Where the string "Shirt" appears in a line of the data, show that line.

BEGIN Dataset content

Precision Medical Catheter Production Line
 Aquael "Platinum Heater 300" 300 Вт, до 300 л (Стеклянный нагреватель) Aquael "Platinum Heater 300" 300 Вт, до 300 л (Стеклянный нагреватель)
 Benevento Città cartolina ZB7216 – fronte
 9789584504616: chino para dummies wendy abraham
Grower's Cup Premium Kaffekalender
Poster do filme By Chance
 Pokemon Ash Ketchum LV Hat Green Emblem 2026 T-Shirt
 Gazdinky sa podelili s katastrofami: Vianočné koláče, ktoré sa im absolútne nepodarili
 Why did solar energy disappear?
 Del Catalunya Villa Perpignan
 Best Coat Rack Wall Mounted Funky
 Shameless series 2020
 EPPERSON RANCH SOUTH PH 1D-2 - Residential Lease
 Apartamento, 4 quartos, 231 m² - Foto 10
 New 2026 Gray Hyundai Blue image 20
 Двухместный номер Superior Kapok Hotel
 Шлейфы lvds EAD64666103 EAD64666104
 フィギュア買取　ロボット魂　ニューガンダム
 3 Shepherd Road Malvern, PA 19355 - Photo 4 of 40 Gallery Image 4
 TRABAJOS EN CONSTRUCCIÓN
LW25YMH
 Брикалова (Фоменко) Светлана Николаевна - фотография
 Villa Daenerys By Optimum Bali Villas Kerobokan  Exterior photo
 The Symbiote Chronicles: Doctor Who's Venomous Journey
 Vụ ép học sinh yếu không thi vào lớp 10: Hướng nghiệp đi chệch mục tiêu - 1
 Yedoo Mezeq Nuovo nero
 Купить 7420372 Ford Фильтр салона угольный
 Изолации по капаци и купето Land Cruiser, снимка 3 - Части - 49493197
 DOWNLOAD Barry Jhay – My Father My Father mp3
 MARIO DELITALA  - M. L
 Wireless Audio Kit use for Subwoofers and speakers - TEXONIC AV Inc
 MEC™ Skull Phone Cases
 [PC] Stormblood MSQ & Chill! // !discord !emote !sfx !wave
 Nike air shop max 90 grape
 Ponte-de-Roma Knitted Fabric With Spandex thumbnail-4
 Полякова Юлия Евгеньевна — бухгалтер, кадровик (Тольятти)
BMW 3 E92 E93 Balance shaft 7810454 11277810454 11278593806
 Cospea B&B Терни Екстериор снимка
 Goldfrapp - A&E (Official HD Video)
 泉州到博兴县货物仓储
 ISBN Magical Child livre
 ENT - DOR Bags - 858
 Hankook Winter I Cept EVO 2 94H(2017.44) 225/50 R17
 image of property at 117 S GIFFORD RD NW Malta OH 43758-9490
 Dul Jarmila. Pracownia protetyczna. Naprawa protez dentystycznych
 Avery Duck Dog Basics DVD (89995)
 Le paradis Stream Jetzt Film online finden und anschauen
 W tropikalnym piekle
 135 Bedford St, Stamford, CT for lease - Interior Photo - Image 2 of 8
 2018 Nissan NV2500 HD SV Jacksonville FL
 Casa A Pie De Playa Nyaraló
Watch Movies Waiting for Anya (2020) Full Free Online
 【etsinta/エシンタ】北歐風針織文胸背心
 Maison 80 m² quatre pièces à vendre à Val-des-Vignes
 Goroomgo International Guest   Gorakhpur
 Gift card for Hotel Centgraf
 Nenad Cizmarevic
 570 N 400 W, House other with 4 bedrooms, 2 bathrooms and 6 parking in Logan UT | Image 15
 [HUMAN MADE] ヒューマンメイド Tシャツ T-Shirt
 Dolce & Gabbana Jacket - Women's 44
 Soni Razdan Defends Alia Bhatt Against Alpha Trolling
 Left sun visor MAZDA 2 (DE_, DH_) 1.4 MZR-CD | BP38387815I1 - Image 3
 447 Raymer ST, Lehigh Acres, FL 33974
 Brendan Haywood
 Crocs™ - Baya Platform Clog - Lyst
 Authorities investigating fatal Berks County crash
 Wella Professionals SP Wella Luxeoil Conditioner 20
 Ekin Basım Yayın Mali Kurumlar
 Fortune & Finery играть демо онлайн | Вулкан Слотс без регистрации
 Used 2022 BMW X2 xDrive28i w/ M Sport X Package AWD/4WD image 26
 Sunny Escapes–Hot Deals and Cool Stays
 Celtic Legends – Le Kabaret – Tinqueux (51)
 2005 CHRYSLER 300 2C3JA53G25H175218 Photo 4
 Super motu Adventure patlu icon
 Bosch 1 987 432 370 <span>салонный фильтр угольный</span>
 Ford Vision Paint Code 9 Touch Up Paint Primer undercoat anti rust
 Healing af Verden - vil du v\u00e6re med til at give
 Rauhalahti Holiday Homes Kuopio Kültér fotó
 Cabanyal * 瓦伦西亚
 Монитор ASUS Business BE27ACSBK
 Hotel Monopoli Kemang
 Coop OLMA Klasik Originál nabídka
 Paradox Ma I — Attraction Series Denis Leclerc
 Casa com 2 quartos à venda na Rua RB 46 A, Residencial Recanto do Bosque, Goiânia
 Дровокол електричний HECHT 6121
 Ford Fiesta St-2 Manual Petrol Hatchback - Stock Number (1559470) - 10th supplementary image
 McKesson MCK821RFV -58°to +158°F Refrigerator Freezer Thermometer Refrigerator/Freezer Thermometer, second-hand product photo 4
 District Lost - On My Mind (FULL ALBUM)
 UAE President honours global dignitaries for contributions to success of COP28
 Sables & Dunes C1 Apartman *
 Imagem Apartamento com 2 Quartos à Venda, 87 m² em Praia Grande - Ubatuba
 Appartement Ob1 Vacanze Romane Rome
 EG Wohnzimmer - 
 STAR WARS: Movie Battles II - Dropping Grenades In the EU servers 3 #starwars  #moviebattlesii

END Dataset content

**Problem solution**.
 Pokemon Ash Ketchum LV Hat Green Emblem 2026 T-Shirt
 [HUMAN MADE] ヒューマンメイド Tシャツ T-Shirt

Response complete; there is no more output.